Club científico

El club científico

En el club científico, el material que utilizamos está concebido para ayudar al niño/a a buscar y descubrir. Lo primero que hacemos es incitarle a observar, en un entorno estimulante y sereno. La observación es un arte que es susceptible de práctica.

Todo puede ser objeto de observación e investigación, sobre todo en la naturaleza: por ejemplo, un insecto que se desplaza puede ser localizado, espiado, dibujado, fotografiado, puede buscarse cuál es su nombre, se puede estudiar sus colores y sus formas, su comportamiento…

Una vez que la investigación se inicia, la curiosidad se autoalimenta.
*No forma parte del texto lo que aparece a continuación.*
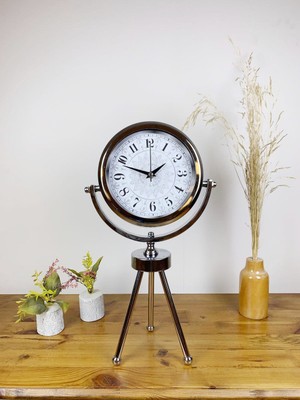 Mcg Krom Metal Mini Tripod Çini Desen Masa Saati 45×26 cm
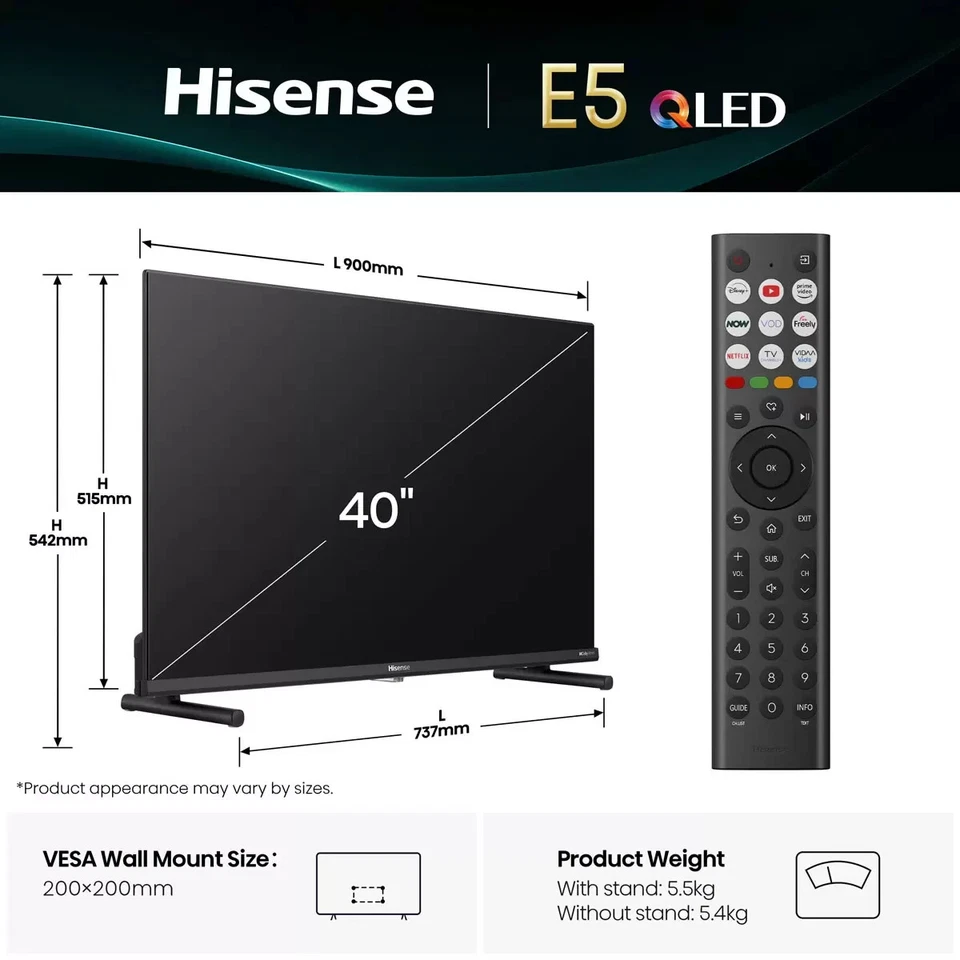 Hisense 40E5QTUK 40 Inch QLED Full HD Smart TV WiFi - Image 2 of 4
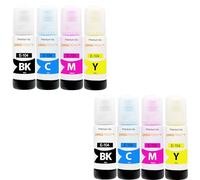 Amaprint Tinta compatibles con Epson 104 para EcoTank ET-4800 ET-2871 ET-2870 ET-2862 ET-2861 ET-2811 (8 Botellas de Tinta de 8x70ml)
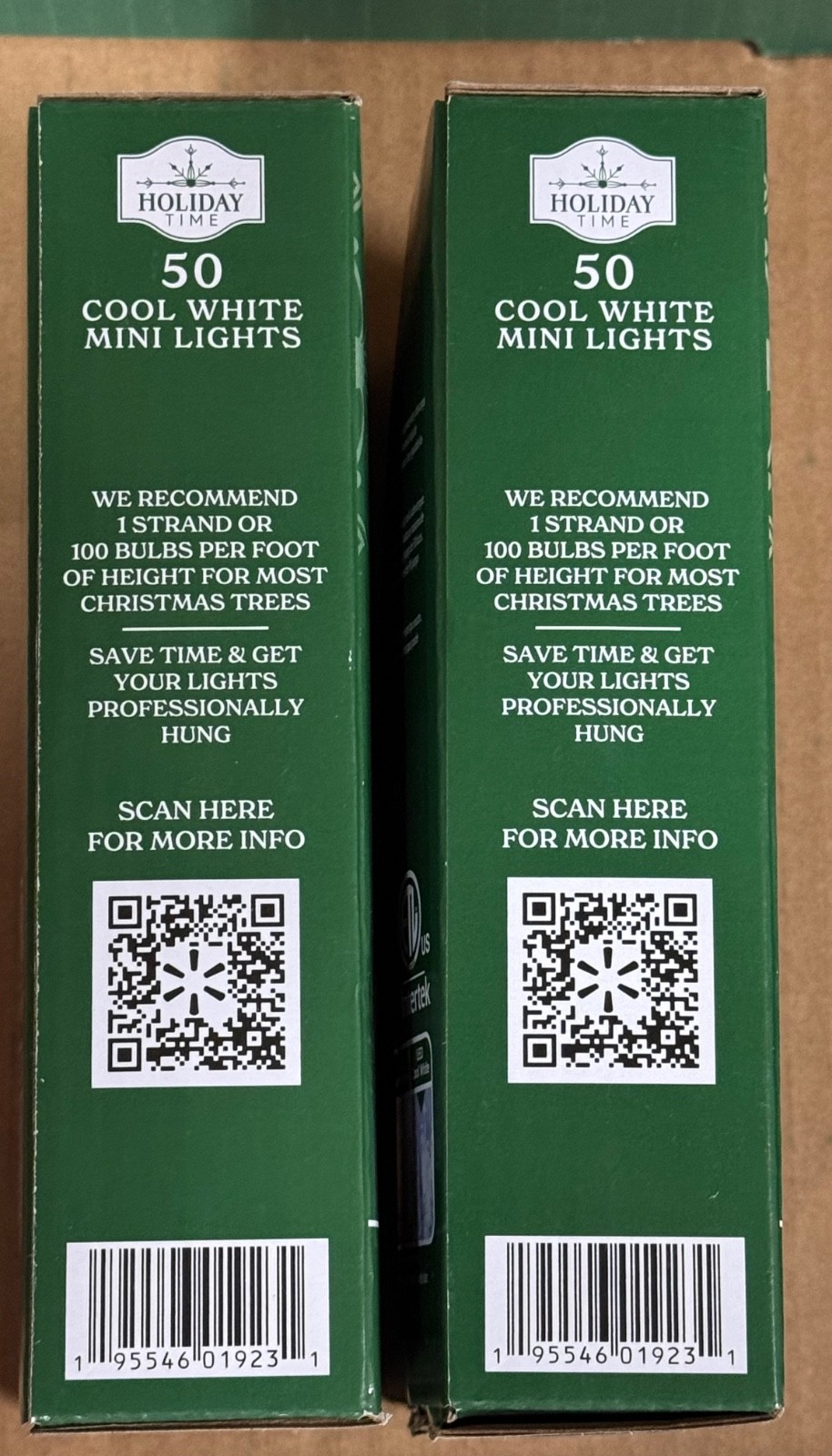 (2) NEW Holiday Time 50ct COOL WHITE Led Lights GREEN Wire Wedding 100 Total gallery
El niño entonces adquiere un vocabulario, multiplica su experiencia en un entorno vivo y dinámico, puede detenerse con más atención sobre los hechos observados, por ejemplo, comparando los datos conseguidos con los de otro insecto que se había observado con anterioridad… Así comienza a conceptualizar, a generalizar y a elaborar criterios comunes a una misma especie.

Del mismo modo, en el club científico, estudiamos los objetos que flotan y los que no, los que se derriten con el calor y los que no, los animales que reptan frente a los que vuelan o andan, la formación de los colores, etc.

La mente científica

El desarrollo de la mente científica se desarrolla con naturalidad si es estimulado, en la medida en que el niño/a ya nace investigador.

Nace dotado del instinto que le incita a observar, explorar, hacer hipótesis, verificarlas, revisarlas, experimentar, analizar las consecuencias de sus actos, sacar conclusiones, etc.

Acabamos de enumerar todos los pasos del método científico, el cual, partiendo de una intuición, permite construir  un pensamiento hipotético-deductivo, mediante el tanteo y el ensayo.